In the methodology below, a central server is used for aggregation, while local nodes perform local training depending on the central server's orders. However, other strategies lead to the same results without central servers, in a peer-to-peer approach, using gossip[5] or consensus methodologies.[6]

Assuming a federated round composed by one iteration of the learning process, the learning procedure can be summarized as follows:[7]

  1. Initialization: according to the server inputs, a machine learning model (e.g., linear regression, neural network, boosting) is chosen to be trained on local nodes and initialized. Then, nodes are activated and wait for the central server to give the calculation tasks.
  2. Client selection: a fraction of local nodes is selected to start training on local data. The selected nodes acquire the current statistical model while the others wait for the next federated round.
  3. Configuration: the central server orders selected nodes to undergo training of the model on their local data in a pre-specified fashion (e.g., for some mini-batch updates of gradient descent).
  4. Reporting: each selected node sends its local model to the server for aggregation. The central server aggregates the received models and sends back the model updates to the nodes. It also handles failures for disconnected nodes or lost model updates. The next federated round is started returning to the client selection phase.
  5. Termination: once a pre-defined termination criterion is met (e.g., a maximum number of iterations is reached or the model accuracy is greater than a threshold) the central server aggregates the updates and finalizes the global model.
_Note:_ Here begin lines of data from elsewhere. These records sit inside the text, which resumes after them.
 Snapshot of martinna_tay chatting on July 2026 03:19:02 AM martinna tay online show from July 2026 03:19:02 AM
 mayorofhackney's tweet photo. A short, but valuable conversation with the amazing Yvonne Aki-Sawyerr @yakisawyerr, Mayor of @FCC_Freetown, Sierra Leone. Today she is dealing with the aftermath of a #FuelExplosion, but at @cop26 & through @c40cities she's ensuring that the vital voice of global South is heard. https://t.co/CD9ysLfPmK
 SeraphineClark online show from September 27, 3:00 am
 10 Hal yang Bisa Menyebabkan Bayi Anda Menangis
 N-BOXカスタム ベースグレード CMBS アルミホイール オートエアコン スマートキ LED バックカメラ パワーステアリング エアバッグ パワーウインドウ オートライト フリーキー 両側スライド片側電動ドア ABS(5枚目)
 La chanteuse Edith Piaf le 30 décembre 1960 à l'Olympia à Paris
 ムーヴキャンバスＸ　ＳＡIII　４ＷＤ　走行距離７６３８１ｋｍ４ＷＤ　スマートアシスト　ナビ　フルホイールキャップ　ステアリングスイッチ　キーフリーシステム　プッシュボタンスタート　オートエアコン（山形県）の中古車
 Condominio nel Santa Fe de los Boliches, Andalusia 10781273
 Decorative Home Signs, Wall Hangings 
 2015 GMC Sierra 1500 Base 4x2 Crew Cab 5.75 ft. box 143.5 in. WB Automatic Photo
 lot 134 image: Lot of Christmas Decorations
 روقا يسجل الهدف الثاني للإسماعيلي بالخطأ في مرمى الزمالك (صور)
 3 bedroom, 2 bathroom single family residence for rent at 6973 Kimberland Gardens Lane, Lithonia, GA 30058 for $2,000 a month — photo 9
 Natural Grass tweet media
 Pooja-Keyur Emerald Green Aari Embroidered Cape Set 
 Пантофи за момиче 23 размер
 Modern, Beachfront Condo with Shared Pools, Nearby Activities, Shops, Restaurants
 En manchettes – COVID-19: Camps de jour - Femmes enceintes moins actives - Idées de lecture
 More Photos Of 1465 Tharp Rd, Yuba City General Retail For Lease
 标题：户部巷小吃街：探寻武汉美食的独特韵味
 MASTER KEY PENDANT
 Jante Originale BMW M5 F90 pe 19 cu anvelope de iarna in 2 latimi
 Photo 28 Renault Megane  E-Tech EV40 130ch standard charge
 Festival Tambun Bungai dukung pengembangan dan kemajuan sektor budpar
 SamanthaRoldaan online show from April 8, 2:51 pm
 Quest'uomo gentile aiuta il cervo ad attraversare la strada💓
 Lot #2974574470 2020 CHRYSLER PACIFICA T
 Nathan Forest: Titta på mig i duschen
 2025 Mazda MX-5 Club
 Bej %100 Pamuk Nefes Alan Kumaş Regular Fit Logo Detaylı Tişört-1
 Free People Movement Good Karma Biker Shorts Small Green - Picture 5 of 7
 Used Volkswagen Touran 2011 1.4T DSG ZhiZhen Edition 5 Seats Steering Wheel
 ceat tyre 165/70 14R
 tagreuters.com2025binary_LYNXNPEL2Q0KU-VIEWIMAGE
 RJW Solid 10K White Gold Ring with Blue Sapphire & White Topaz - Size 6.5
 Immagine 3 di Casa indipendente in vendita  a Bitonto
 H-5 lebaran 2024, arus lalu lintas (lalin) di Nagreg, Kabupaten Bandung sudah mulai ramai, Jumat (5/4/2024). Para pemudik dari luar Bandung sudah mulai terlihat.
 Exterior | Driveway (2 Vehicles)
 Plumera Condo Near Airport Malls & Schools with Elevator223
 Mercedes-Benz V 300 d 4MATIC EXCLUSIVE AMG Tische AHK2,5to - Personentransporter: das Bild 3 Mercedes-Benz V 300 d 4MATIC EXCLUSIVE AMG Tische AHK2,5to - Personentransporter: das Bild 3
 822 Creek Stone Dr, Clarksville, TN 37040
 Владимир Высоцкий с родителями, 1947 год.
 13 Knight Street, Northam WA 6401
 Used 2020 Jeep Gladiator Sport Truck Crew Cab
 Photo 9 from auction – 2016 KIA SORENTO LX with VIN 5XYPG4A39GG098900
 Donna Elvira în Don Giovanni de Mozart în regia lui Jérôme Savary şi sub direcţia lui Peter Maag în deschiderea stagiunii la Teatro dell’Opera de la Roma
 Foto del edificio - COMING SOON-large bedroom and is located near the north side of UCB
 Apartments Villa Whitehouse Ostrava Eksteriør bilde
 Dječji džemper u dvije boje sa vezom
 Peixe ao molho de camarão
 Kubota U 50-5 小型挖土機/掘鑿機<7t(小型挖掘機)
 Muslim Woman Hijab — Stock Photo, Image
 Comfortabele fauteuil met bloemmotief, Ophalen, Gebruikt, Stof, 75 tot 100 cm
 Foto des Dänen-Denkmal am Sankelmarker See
The procedure considered before assumes synchronized model updates. Recent federated learning developments introduced novel techniques to tackle asynchronicity during the training process, or training with dynamically varying models.[4] Compared to synchronous approaches where local models are exchanged once the computations have been performed for all layers of the neural network, asynchronous ones leverage the properties of neural networks to exchange model updates as soon as the computations of a certain layer are available. These techniques are also commonly referred to as split learning[8][9] and they can be applied both at training and inference time regardless of centralized or decentralized federated learning settings.[2][4]

Non-iid data[edit]

In most cases, the assumption of independent and identically distributed samples across local nodes does not hold for federated learning setups. Under this setting, the performances of the training process may vary significantly according to the unbalancedness of local data samples as well as the particular probability distribution of the training examples (i.e., features and labels) stored at the local nodes. To further investigate the effects of non-iid data, the following description considers the main categories presented in the by Peter Kiarouz and al. in 2019.[2]

The description of non-iid data relies on the analysis of the joint probability between features and labels for each node. This allows to decouple each contribution according to the specific distribution available at the local nodes. The main categories for non-iid data can be summarized as follows:[2]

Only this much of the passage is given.